Evaluate $\lim \limits_{x \to -1^+} (x+1)^{\frac{1}{x+1}}$
You correctly reduce to evaluating $$ \lim_{x\to -1^+}\frac{\ln(x+1)}{x+1} $$ You cannot apply l'Hôpital here, because the hypotheses are not satisfied. This limit is $-\infty$, because the numerator has limit $-\infty$ and the denominator has limit $0$, but taking positive values.

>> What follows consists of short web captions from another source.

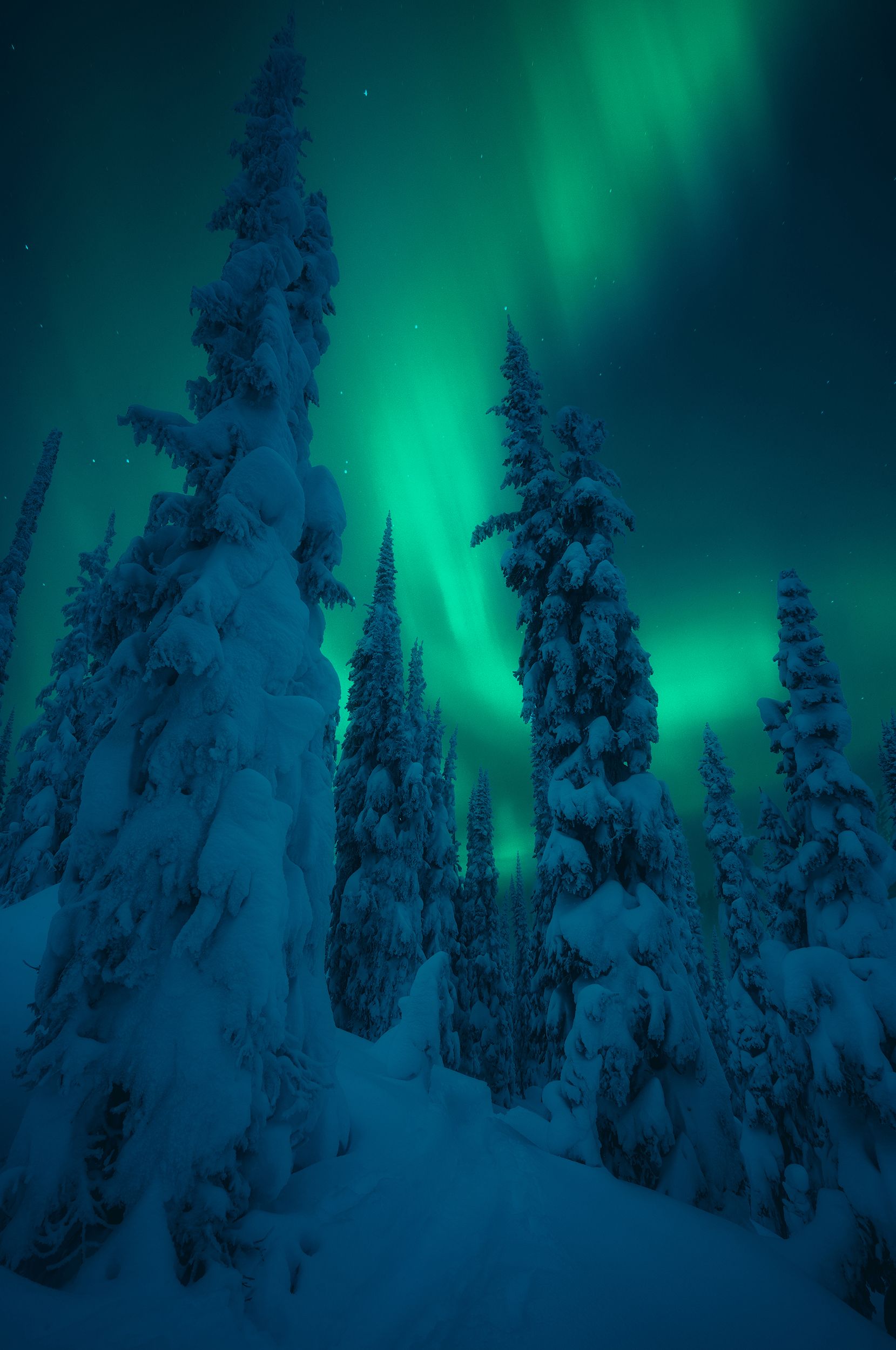 Arctic_Dreams_WEB.jpg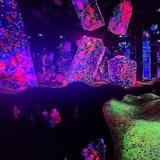 teamLab Biovortex Kyoto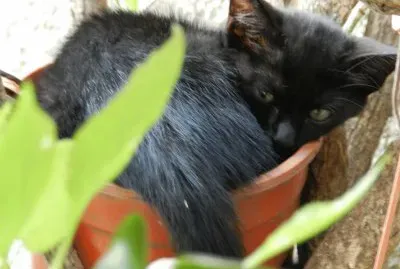 LA CHILINDRINA DURMIENDO LA SIESTA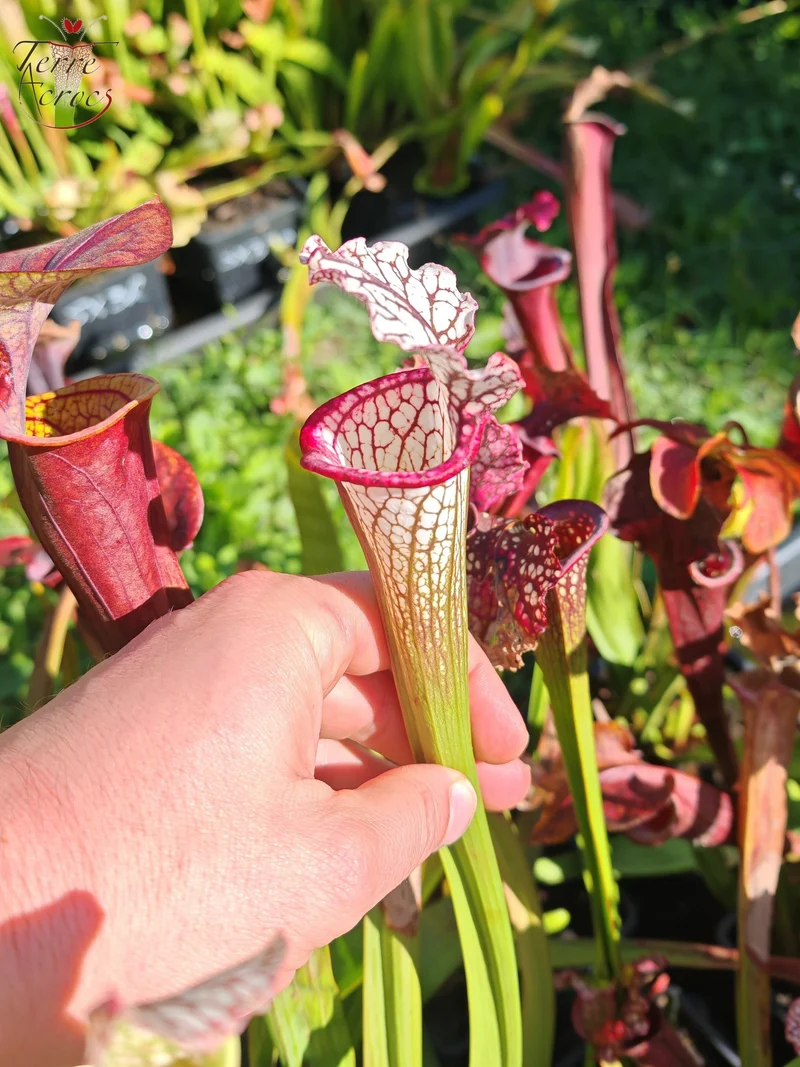 SX48 Sarracenia x -- Early pink / burgundy tube then white with pink lip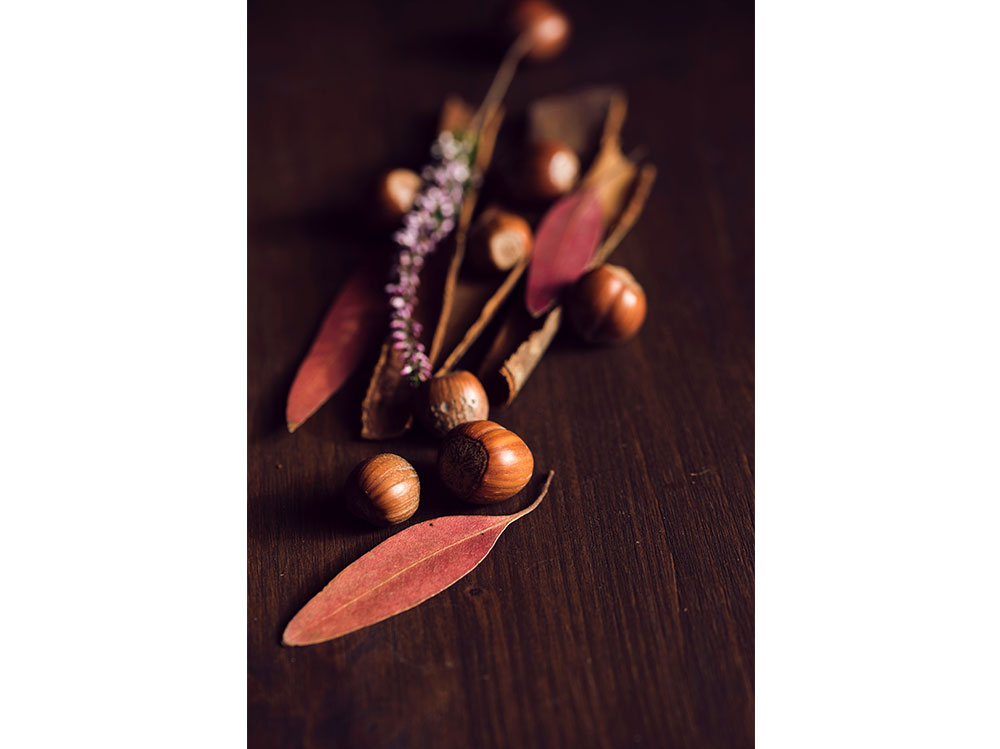 nocciole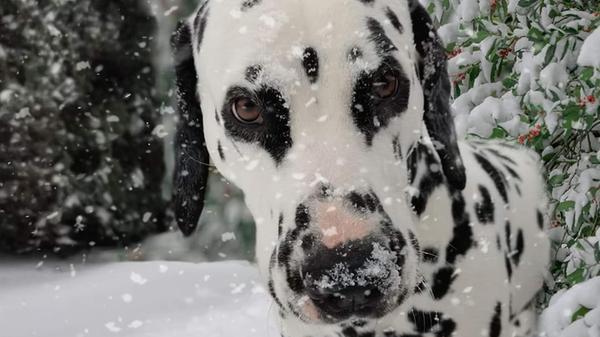 Angie Lodenkämper.jpg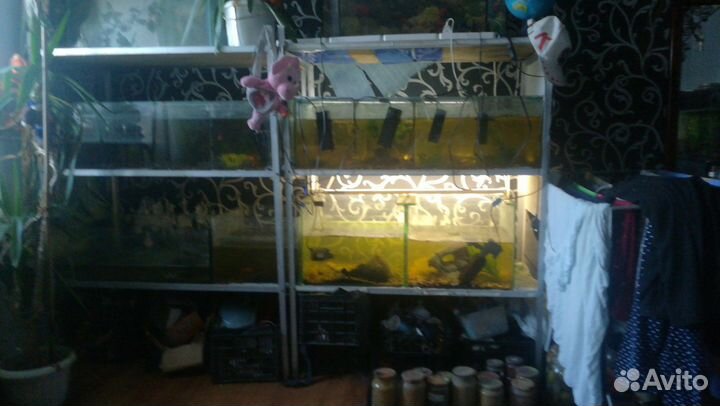 Аквариум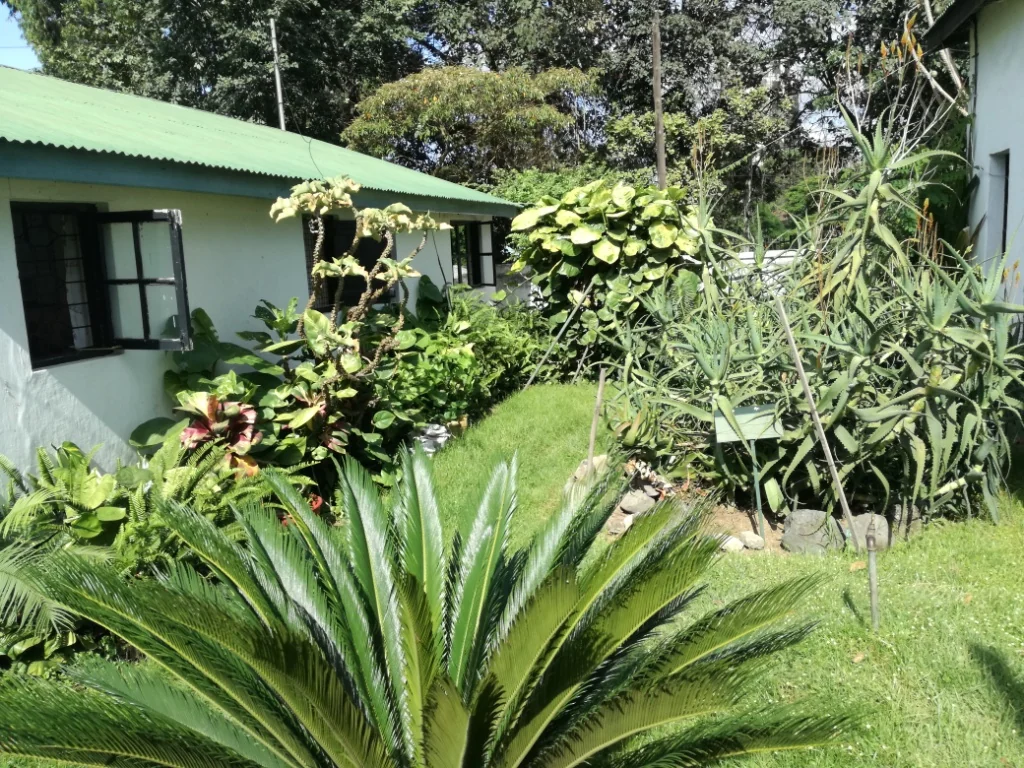 Museum buildings and planting in the Boma grounds in Arusha.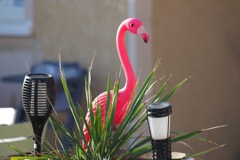 Einen pinken Plastikflamingo wie diesen sollte jeder als Dekorelement für seine Dachterasse haben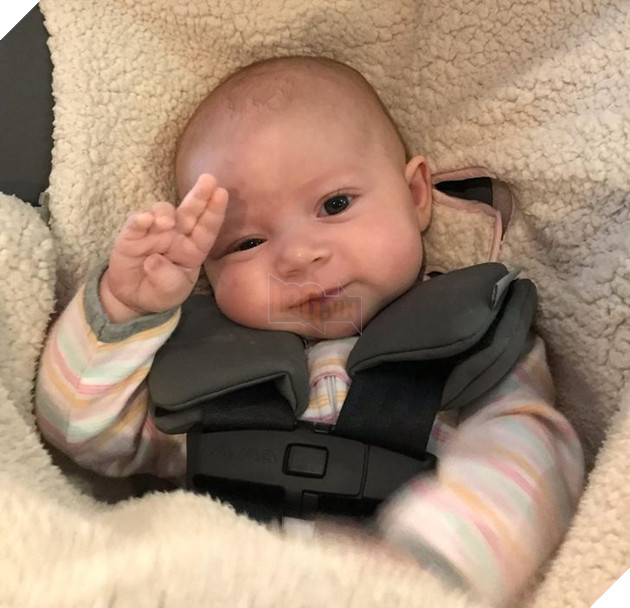 20 hình ảnh về các bé chó mèo khiến bạn cười ra nước mắt vì độ hề hước của chúng 7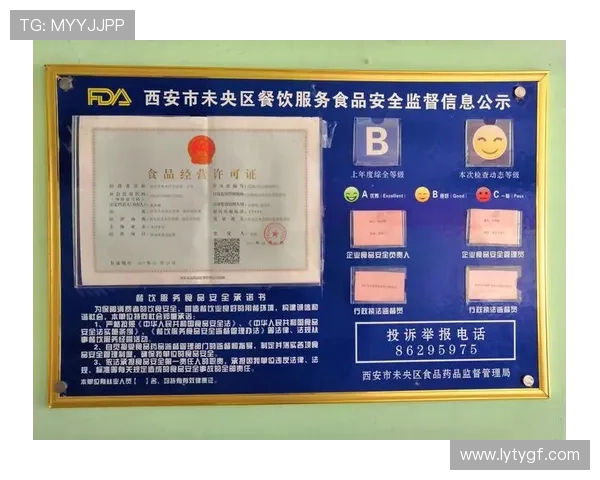 乐鱼游戏登录安全提示与建议保障玩家账号信息安全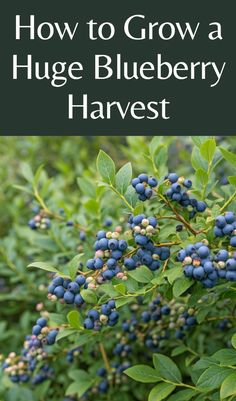 blueberries growing on a bush with the title how to grow a huge blueberry harvest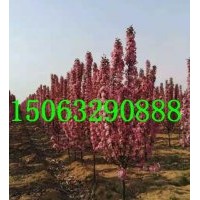 1-10公分北美海棠，絢麗海棠，冬紅海棠，垂絲海棠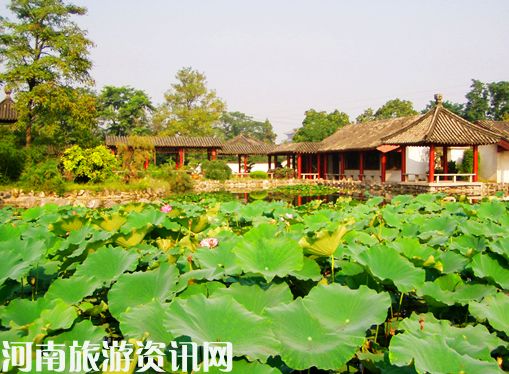 �F�����@&nbsp;�辰Է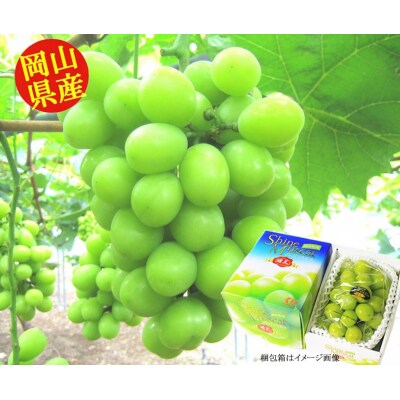 岡山県産シャインマスカット(晴王)つる付き1房入り(680g以上)令和7年産先行受付 H-30a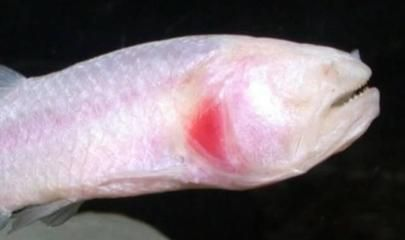 龍魚吃泥鰍有什么好處vs祥龍魚場：龍魚吃泥鰍有諸多好處，但也有一定的風險 龍魚吃泥鰍有什么好處vs祥龍魚場：龍魚吃泥鰍有諸多好處，但也有一定的風險 vs祥龍魚場 第3張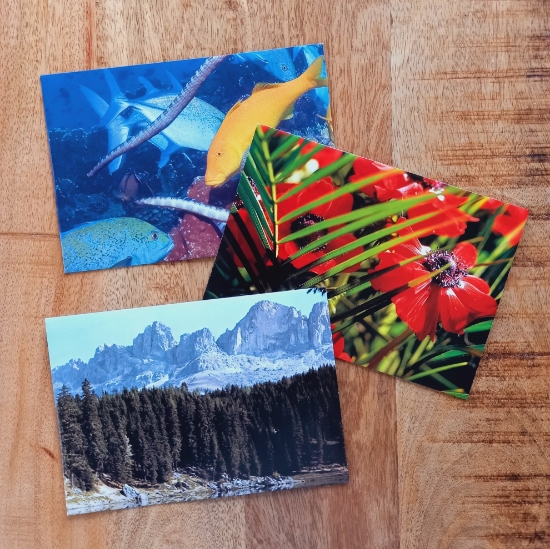 Afbeeldingen van Enveloppen Mix Natuur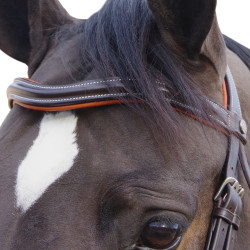 Bridon Canter Alme Marron Bridon Canter Alme Marron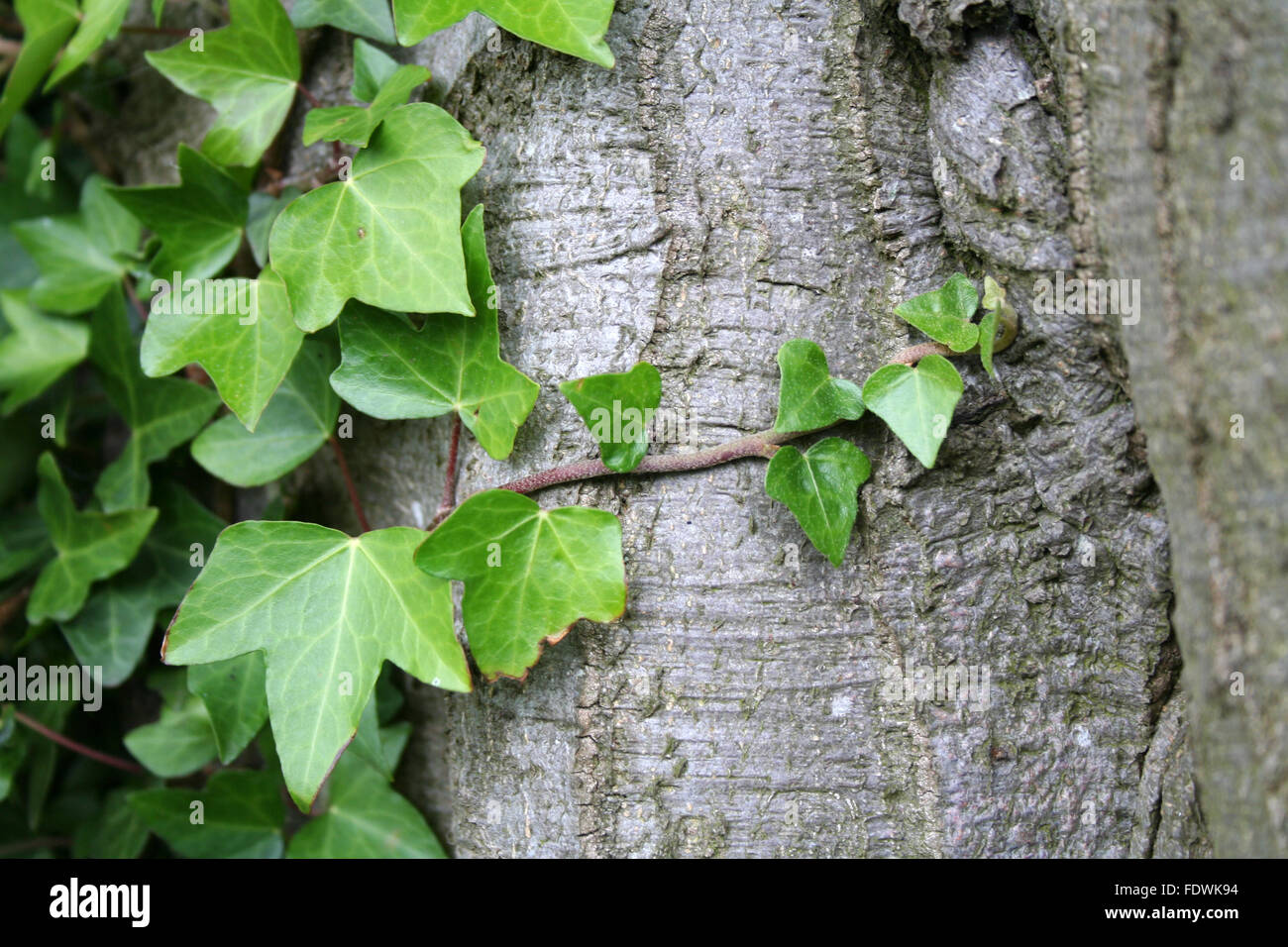 Schönen grünen Efeu auf Rinde an einem Baum Stockfoto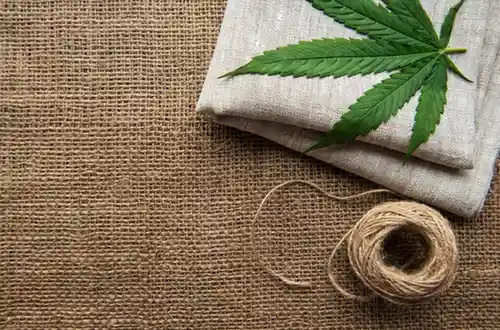 Biodegradable hemp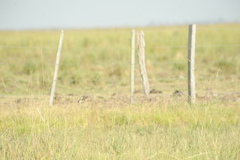 Alectrurus risora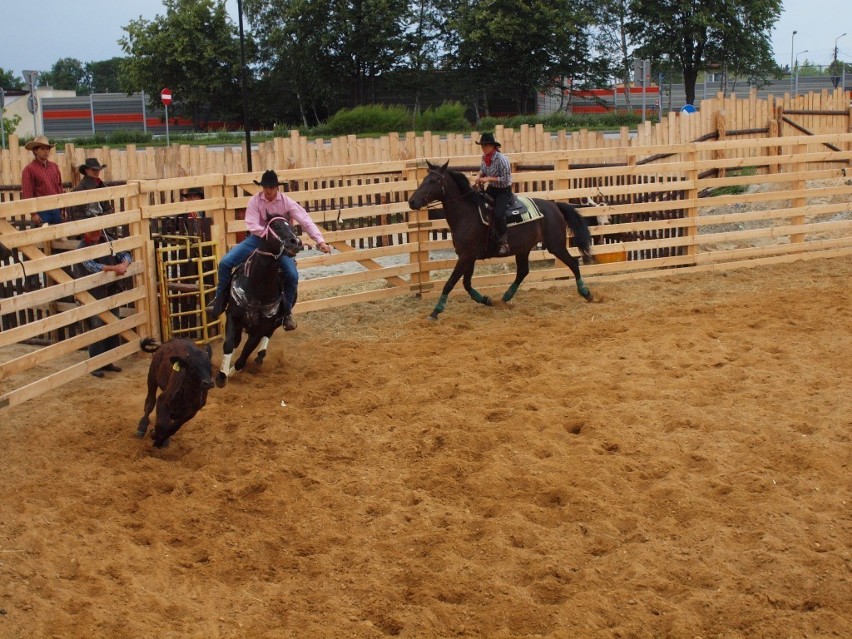 Żory western: Pokazy rodeo - Wild West Show. Zobacz zdjęcia!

So your limit is $e^{-\infty}=0$.
You should have realized that something went wrong: for $-1<x<0$, you have $$ \ln(x+1)<0,\qquad x+1>0 $$ so the limit above can't be $\infty$, because the function only takes on negative values in a right neighborhood of $-1$.
In
$$\lim \limits_{x \to -1^+} \frac{\ln(x+1)}{x+1}$$
the numerator tends to $-\infty$ and the denominator to $0^+$, so you are not in the conditions of applicability of L'Hospital.
(But that limit is $-\infty$ and the initial one is $0$.)
Note that the limit can be evaluated directly, as should be always done as first attempt, indeed
$$x+1 \to 0^+\implies \frac1{x+1}\to \infty$$
and $0^\infty$ is not an indeterminate form therefore
$$\lim \limits_{x \to -1^+} (x+1)^{\frac{1}{x+1}}=0^\infty=0$$
As an alternative, to avoid confusion, let $y=x+1$ with $y\to 0^+$ and conclude in the same way.